> [Problem to solve]: Could you restate every line of the data word for word?
★ ★ ★ ★ ★
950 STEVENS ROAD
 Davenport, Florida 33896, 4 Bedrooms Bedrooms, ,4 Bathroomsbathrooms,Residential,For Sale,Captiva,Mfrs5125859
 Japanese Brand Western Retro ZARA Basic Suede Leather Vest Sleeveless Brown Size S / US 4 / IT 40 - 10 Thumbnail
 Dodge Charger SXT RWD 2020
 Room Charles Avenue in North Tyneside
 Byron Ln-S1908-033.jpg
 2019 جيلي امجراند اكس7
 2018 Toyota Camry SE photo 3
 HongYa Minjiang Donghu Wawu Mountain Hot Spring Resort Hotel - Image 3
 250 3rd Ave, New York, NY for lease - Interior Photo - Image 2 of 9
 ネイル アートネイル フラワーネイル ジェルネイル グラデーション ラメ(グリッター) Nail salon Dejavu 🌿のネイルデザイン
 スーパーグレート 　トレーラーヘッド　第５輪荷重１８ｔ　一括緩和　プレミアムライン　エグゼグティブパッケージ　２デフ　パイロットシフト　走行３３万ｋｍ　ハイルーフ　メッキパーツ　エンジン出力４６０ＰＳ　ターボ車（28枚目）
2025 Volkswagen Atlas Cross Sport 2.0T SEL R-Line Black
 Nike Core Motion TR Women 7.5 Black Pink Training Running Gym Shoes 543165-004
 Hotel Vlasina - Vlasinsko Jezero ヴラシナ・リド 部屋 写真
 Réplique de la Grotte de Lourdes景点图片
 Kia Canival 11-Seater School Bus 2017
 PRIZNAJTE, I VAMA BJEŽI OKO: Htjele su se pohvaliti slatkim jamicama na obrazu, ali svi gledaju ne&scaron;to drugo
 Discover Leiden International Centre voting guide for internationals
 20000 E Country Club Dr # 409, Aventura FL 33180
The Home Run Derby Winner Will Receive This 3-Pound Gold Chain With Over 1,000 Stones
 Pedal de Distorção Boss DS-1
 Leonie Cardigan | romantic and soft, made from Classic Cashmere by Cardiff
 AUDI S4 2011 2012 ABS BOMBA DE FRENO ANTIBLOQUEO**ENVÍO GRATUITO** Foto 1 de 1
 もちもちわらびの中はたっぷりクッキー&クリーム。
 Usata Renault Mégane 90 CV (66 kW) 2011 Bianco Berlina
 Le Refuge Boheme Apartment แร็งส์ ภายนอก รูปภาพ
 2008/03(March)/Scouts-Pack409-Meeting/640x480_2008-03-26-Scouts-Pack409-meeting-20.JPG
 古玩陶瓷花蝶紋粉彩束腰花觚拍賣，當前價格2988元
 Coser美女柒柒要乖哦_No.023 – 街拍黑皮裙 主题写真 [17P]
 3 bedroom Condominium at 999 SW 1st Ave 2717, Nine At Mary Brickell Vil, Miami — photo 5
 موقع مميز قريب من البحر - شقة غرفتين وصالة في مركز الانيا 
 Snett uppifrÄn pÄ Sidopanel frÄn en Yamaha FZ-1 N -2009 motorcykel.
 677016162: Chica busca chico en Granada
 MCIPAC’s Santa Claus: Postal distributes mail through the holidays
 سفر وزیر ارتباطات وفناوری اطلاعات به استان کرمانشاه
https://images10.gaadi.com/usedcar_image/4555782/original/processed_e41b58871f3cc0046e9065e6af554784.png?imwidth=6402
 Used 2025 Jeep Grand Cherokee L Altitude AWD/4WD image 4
★ ★ ★ ★ ★
> [Answer space]:
950 STEVENS ROAD
 Davenport, Florida 33896, 4 Bedrooms Bedrooms, ,4 Bathroomsbathrooms,Residential,For Sale,Captiva,Mfrs5125859
 Japanese Brand Western Retro ZARA Basic Suede Leather Vest Sleeveless Brown Size S / US 4 / IT 40 - 10 Thumbnail
 Dodge Charger SXT RWD 2020
 Room Charles Avenue in North Tyneside
 Byron Ln-S1908-033.jpg
 2019 جيلي امجراند اكس7
 2018 Toyota Camry SE photo 3
 HongYa Minjiang Donghu Wawu Mountain Hot Spring Resort Hotel - Image 3
 250 3rd Ave, New York, NY for lease - Interior Photo - Image 2 of 9
 ネイル アートネイル フラワーネイル ジェルネイル グラデーション ラメ(グリッター) Nail salon Dejavu 🌿のネイルデザイン
 スーパーグレート 　トレーラーヘッド　第５輪荷重１８ｔ　一括緩和　プレミアムライン　エグゼグティブパッケージ　２デフ　パイロットシフト　走行３３万ｋｍ　ハイルーフ　メッキパーツ　エンジン出力４６０ＰＳ　ターボ車（28枚目）
2025 Volkswagen Atlas Cross Sport 2.0T SEL R-Line Black
 Nike Core Motion TR Women 7.5 Black Pink Training Running Gym Shoes 543165-004
 Hotel Vlasina - Vlasinsko Jezero ヴラシナ・リド 部屋 写真
 Réplique de la Grotte de Lourdes景点图片
 Kia Canival 11-Seater School Bus 2017
 PRIZNAJTE, I VAMA BJEŽI OKO: Htjele su se pohvaliti slatkim jamicama na obrazu, ali svi gledaju ne&scaron;to drugo
 Discover Leiden International Centre voting guide for internationals
 20000 E Country Club Dr # 409, Aventura FL 33180
The Home Run Derby Winner Will Receive This 3-Pound Gold Chain With Over 1,000 Stones
 Pedal de Distorção Boss DS-1
 Leonie Cardigan | romantic and soft, made from Classic Cashmere by Cardiff
 AUDI S4 2011 2012 ABS BOMBA DE FRENO ANTIBLOQUEO**ENVÍO GRATUITO** Foto 1 de 1
 もちもちわらびの中はたっぷりクッキー&クリーム。
 Usata Renault Mégane 90 CV (66 kW) 2011 Bianco Berlina
 Le Refuge Boheme Apartment แร็งส์ ภายนอก รูปภาพ
 2008/03(March)/Scouts-Pack409-Meeting/640x480_2008-03-26-Scouts-Pack409-meeting-20.JPG
 古玩陶瓷花蝶紋粉彩束腰花觚拍賣，當前價格2988元
 Coser美女柒柒要乖哦_No.023 – 街拍黑皮裙 主题写真 [17P]
 3 bedroom Condominium at 999 SW 1st Ave 2717, Nine At Mary Brickell Vil, Miami — photo 5
 موقع مميز قريب من البحر - شقة غرفتين وصالة في مركز الانيا 
 Snett uppifrÄn pÄ Sidopanel frÄn en Yamaha FZ-1 N -2009 motorcykel.
 677016162: Chica busca chico en Granada
 MCIPAC’s Santa Claus: Postal distributes mail through the holidays
 سفر وزیر ارتباطات وفناوری اطلاعات به استان کرمانشاه
https://images10.gaadi.com/usedcar_image/4555782/original/processed_e41b58871f3cc0046e9065e6af554784.png?imwidth=6402
 Used 2025 Jeep Grand Cherokee L Altitude AWD/4WD image 4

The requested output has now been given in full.